His groundbreaking research characterizing biochemical steps governing sperm-egg interaction and fertilization furthered the reputation of UT Southwestern, Dr. Mangelsdorf said.

Full circle

In 2006, when considering new directions for the Center, Alfred G. Gilman, M.D., Ph.D., then the Dean of UT Southwestern Medical School, proposed moving the Green Center back to the Department of Obstetrics and Gynecology. In 2010, he hired Dr. Kraus as the Center’s third Director, intending to take a broader view of reproductive biology and advance the reputation of the Green Center.

“We put our unique spin on the discipline,” Dr. Kraus said. “Reproductive biology is really all biology, and we are showing how the process of gene regulation can control all aspects of it.”

Woman with long brown hair in a lab, wearing a lab coat and blue gloves, looking at a red substance in a beaker.
Laura Banaszynski, Ph.D., an Associate Professor in the Green Center, conducts basic science studies related to reproduction, including understanding how eggs mature.

Dr. Kraus continues to emphasize the fundamentals, including the molecular underpinnings of gametogenesis, fertilization, stem cells, development, and birth, said Laura Banaszynski, Ph.D., Associate Professor in the Green Center, Children's Medical Center Research Institute at UT Southwestern, and Obstetrics and Gynecology.

He has taken the Center back to its roots by focusing on basic research while using the most advanced technology, Dr. Banaszynski said. “That led to an understanding of the molecular mechanisms driving biological processes in a way that was not possible before,” she said.

Dr. Kraus’ interest in bringing talented people to the Center drives its success, Dr. Mangelsdorf said.

“Dr. Kraus has recruited outstanding faculty and transformed the Center into something that goes beyond human health to basic science,” he said. 

Collaboration drives success

In 2019, the Center became autonomous, but continues to work closely with the Department of Obstetrics and Gynecology, hosting many of its clinical fellows for laboratory rotations and collaborating with its clinicians on translational research projects.

“The relationship has been a great fit,” said Catherine Y. Spong, M.D., Professor and Chair of Obstetrics and Gynecology. “Our goals are aligned, and we are eager to continue building on the opportunities to enhance research that ultimately impacts human health.”

The collaborations between basic scientists and clinicians have played a big part in the Center’s success. These partnerships have led to many advances, from a better understanding of cancer in women to the development of new drugs, Dr. Spong said.

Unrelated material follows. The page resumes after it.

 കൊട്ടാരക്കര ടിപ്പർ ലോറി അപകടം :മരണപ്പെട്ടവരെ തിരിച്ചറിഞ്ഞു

A man and woman wearing lab coats talking in a hallway in front of a UT Southwestern Mecial Center poster.
Drs. Spong and Kraus confer.

“The Green Center has done a wonderful job of providing opportunities for fellows in obstetrics and gynecology who want to do more training in research,” said Mala Mahendroo, Ph.D., a Professor of Obstetrics and Gynecology in the Green Center.

Basic research in reproductive biology benefits everyone, Dr. Banaszynski added. Understanding how eggs mature is just one example of the type of investigation currently underway that has a significant impact on patients and families, she said.

“It affects half the population and their partners,” Dr. Banaszynski said. “Having a better understanding of reproduction affects everyone who wants to have a child.”

Today, the Green Center is committed to conducting leading-edge research on gene regulation while integrating basic, translational, and clinical research in reproduction and related areas of biology, including stem cells, immunology, and metabolism.

“I think Dr. MacDonald would be pleased about what the Center has become,” Dr. Kraus said. “Initially, Ida Green wanted to support research in women’s reproductive health. Fifty years later, we have come full circle but with different tools and a modern approach.”